Material for this exercise START

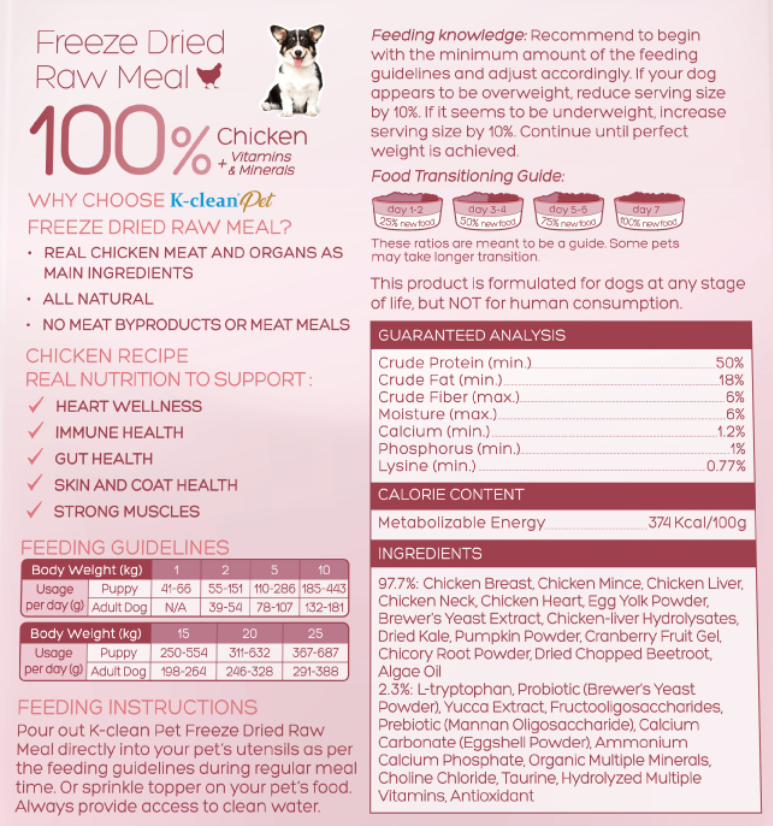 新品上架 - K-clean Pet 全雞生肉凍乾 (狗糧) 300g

Material for this exercise END
Material for this exercise START

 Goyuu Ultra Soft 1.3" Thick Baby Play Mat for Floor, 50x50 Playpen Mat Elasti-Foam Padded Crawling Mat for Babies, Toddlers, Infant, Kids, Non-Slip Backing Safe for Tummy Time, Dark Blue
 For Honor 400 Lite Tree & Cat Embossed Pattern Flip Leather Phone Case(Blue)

Material for this exercise END

» Required work: Within the material above, transcribe exactly the lines that run from the line holding "Goyuu Ultra Soft" through the line holding "For Honor 400".

» Answer area:
 Goyuu Ultra Soft 1.3" Thick Baby Play Mat for Floor, 50x50 Playpen Mat Elasti-Foam Padded Crawling Mat for Babies, Toddlers, Infant, Kids, Non-Slip Backing Safe for Tummy Time, Dark Blue
 For Honor 400 Lite Tree & Cat Embossed Pattern Flip Leather Phone Case(Blue)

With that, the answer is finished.